Return the lines below exactly, please, from the one containing "Bild 1 von UP2FASHION Capri-Leggings" through the last one, both included, and leave out any pictures.

** Recorded data **
*** Block opens ***

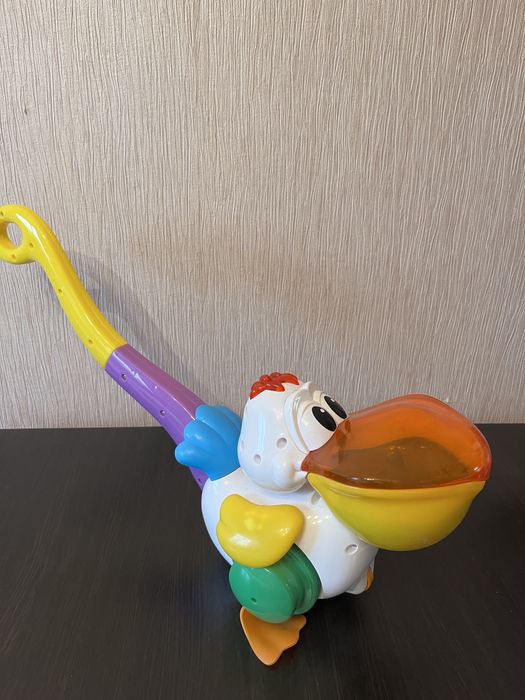 Каталка Kiddieland Пеликан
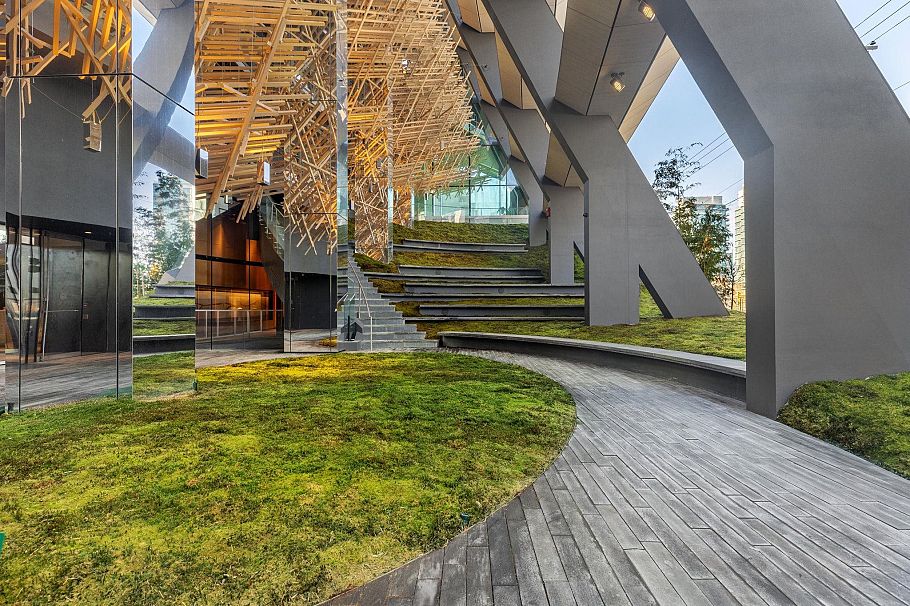 3104 1568 Alberni Street Vancouver, BC - 30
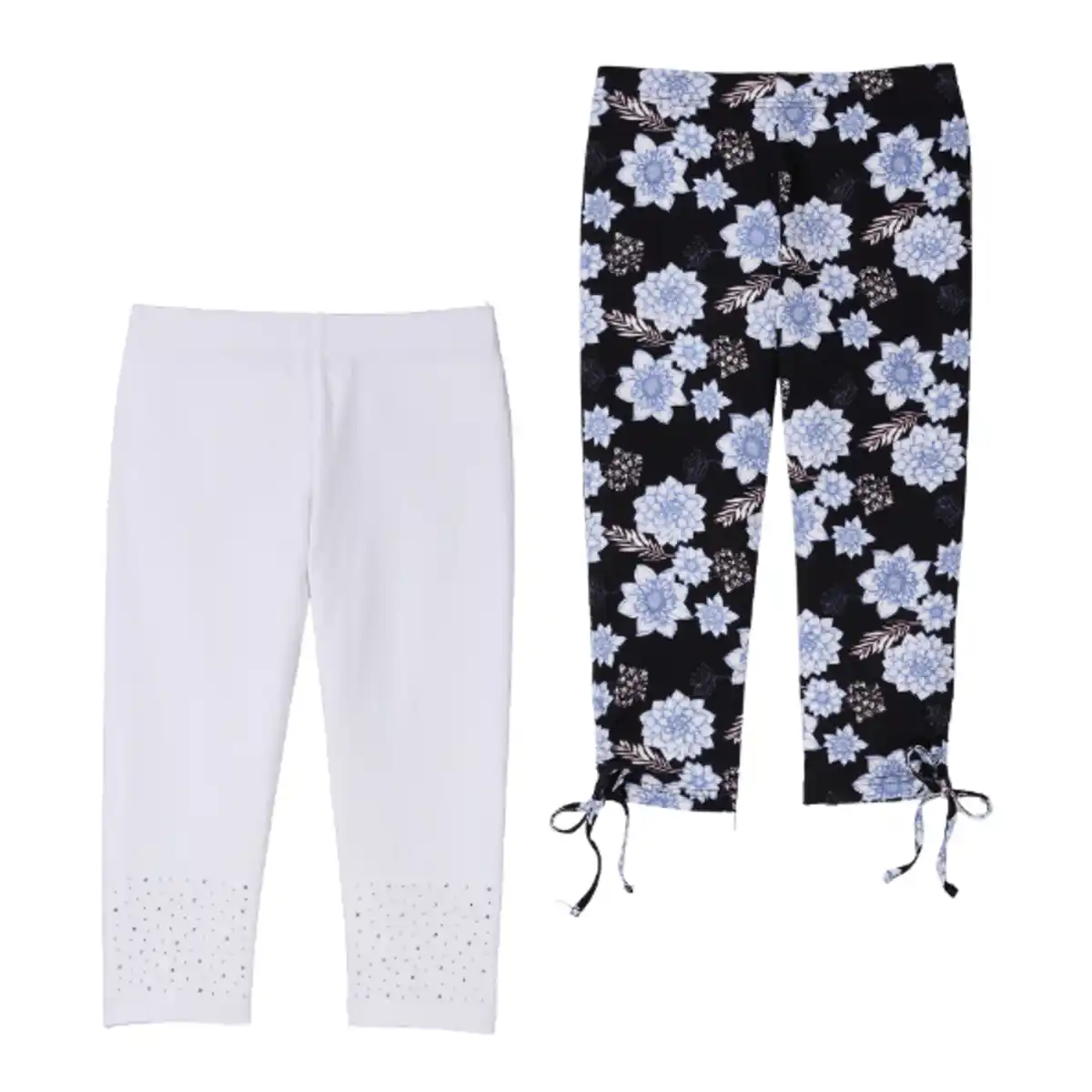 Bild 1 von UP2FASHION Capri-Leggings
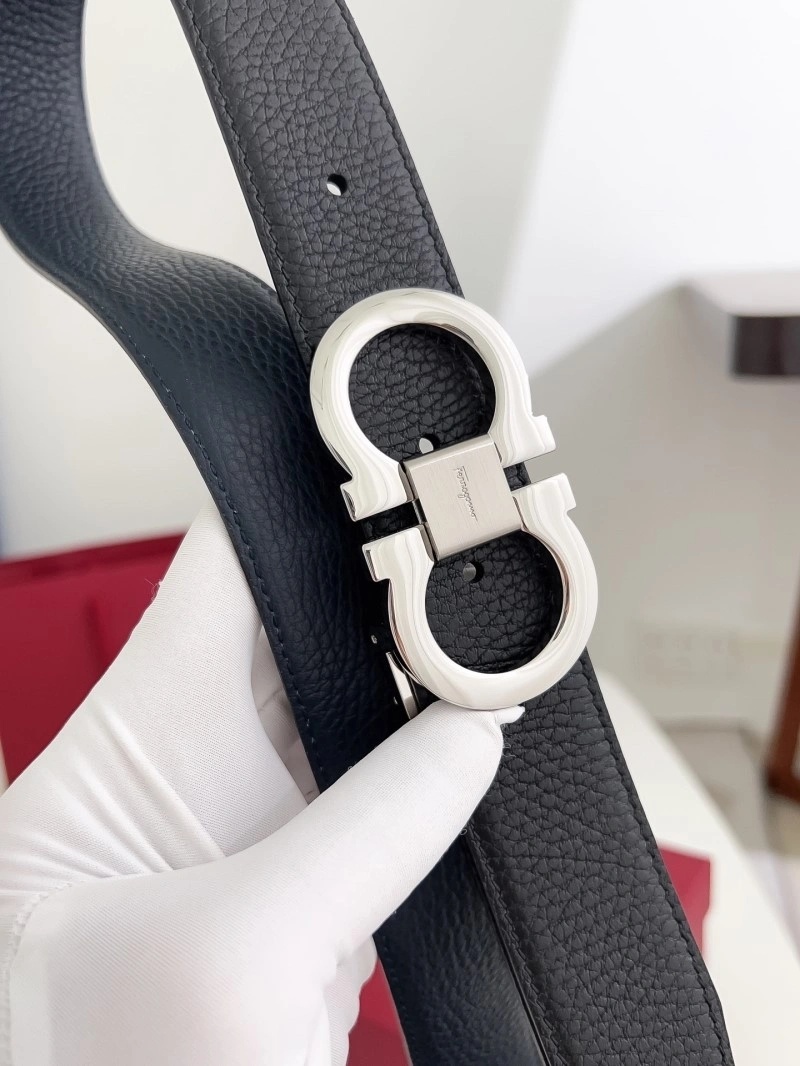 Effortless Ferragamo Belts 286906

*** Block closes ***

** Expected output **
 Bild 1 von UP2FASHION Capri-Leggings
 Effortless Ferragamo Belts 286906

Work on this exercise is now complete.